As I approach the end of 2018 and envision 2019, the Klein Homecoming looms large.
On October 20, 2018, about 40 persons whose ancestors were at Klein when it was a cotton plantation gathered together in the cemetery for a healing ceremony. On behalf of the white side of my family, I apologized for closing off the African American family cemetery for burial some 20 years ago. I also apologized for a much longer, unspoken history from slavery to the present. We rededicated and opened the cemetery with prayers and the singing of Amazing Grace. We then adjourned to the house for a facilitated discussion and meal together. Many of the participants were inside the house for the first time.

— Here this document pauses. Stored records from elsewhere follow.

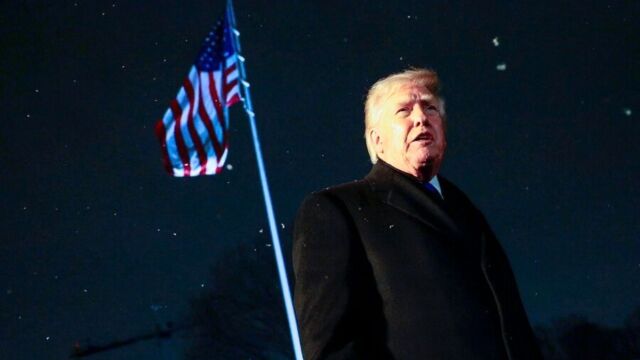 Τραμπ: Aπείλησε δημοσιογράφο με φυλάκιση εάν δεν αποκαλύψει την πηγή του για τον αγνοούμενο πιλότο του F-15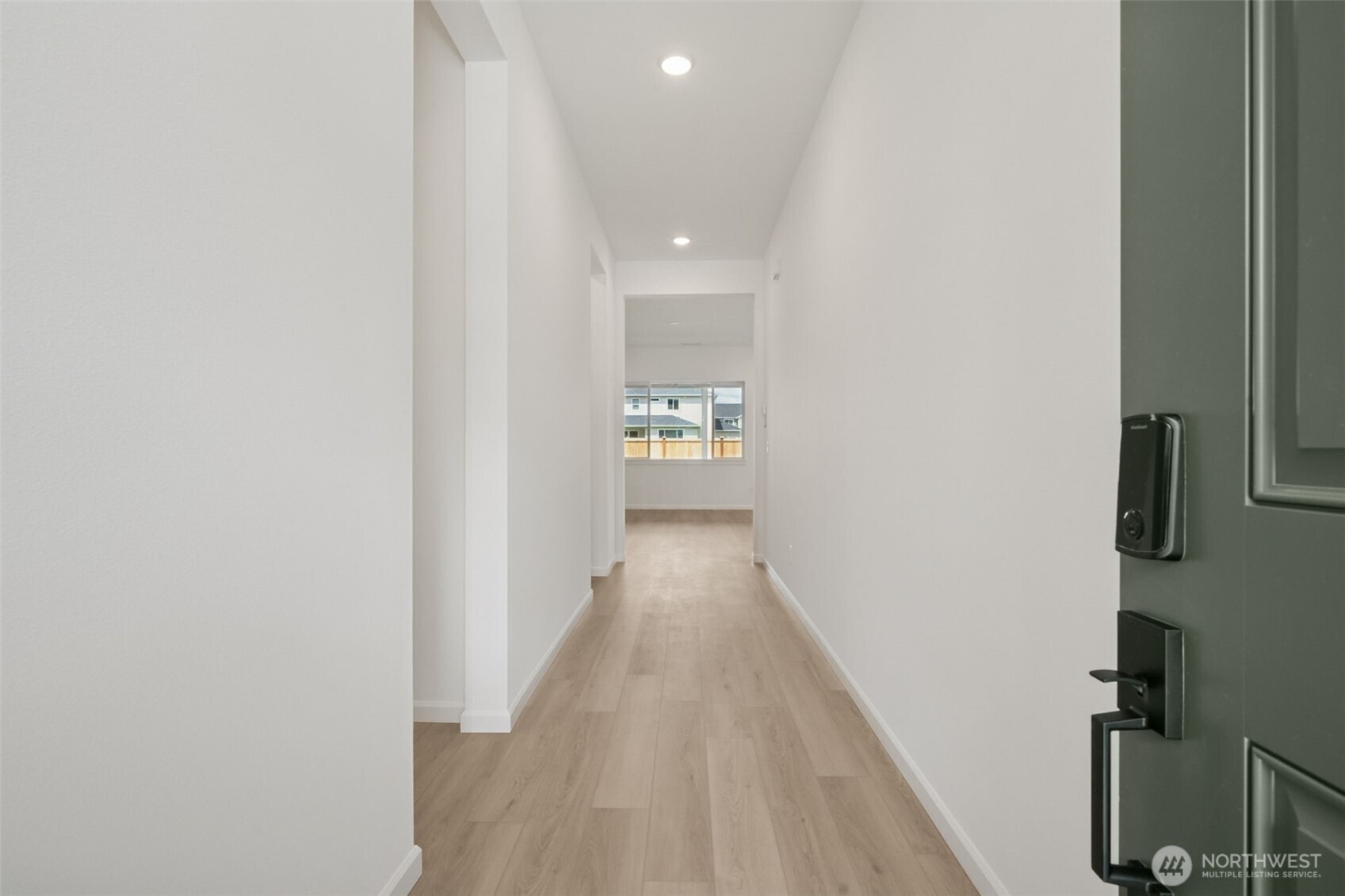 954 Lucas Avenue 23 Property Photo 3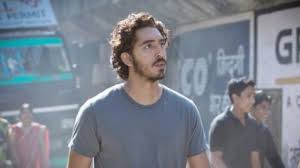 Il padre ha lasciato la famiglia per andare con un'altra donna e la mamma è costretta a lavorare come operaia e bracciante. Lion La Strada Verso Casa Film Stasera In Tv Cast Trama Streaming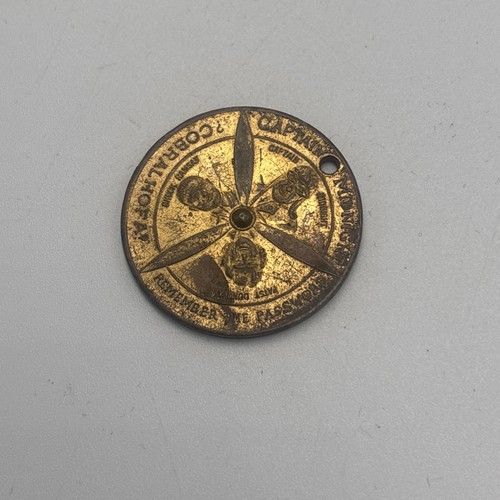 Skelly captain midnight - skelly, gold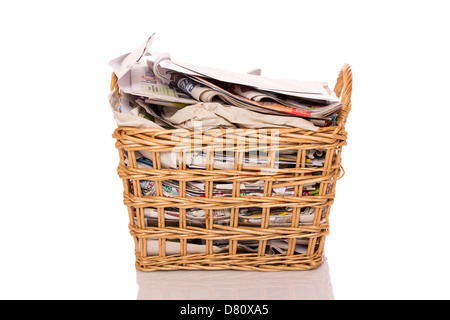 Volle Papierkorb isoliert auf weißem Hintergrund Stockfoto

Theoangelo Perkins, Peter Datcher and I, along with our facilitator T. Marie King of Birmingham, planned and carried out the event. In the South, we are keyed into who is related to whom, and this was a time to learn about and celebrate these connections. Theo Perkins’ mother is a McGinnis. The McGinnises came to work on the land soon after emancipation and continued to do so for generations. As a child, I had known Theo’s great-grandfather, great uncle and great aunt. Peter Datcher’s great-grandmother was enslaved at Klein, and he has a beautiful picture of her and one of his great-grandfather, who was once whipped for leaving that plantation a mile away to visit her. They had met at the Scott’s Grove Baptist Church where services were still conducted during my childhood. So… in generational time, this wasn’t that long ago.
Here I am, trying to come to terms with the fact that my family enslaved others. We were sitting in the house their ancestors built, without pay. The bricks were made, the cypress milled, the nails forged by them. All part of the economy: the more free labor, the more land could be cultivated in cotton, the wealthier the planter could become to continue that cycle. The part of the story I had heard was of my great-great-grandfather coming down from Tennessee to settle the new territory; of my great-grandmother teaching black and white children to read; of the travails of the family and their persistence in the face of challenge. I had never heard the other sides of the story.
What is the size and nature of this debt? How can it be settled? How can we give back to these families? This didn’t come up in our conversations at the house. However, what became apparent was that respect for each other, acknowledgment of our complicated past, and beginning a new relationship at that moment will sustain us as we enter 2019 together. This year, we will come together again for a Klein Homecoming, bring art to the house, and work to establish our shared home as a community resource through the non-profit corporation Klein Arts and Culture.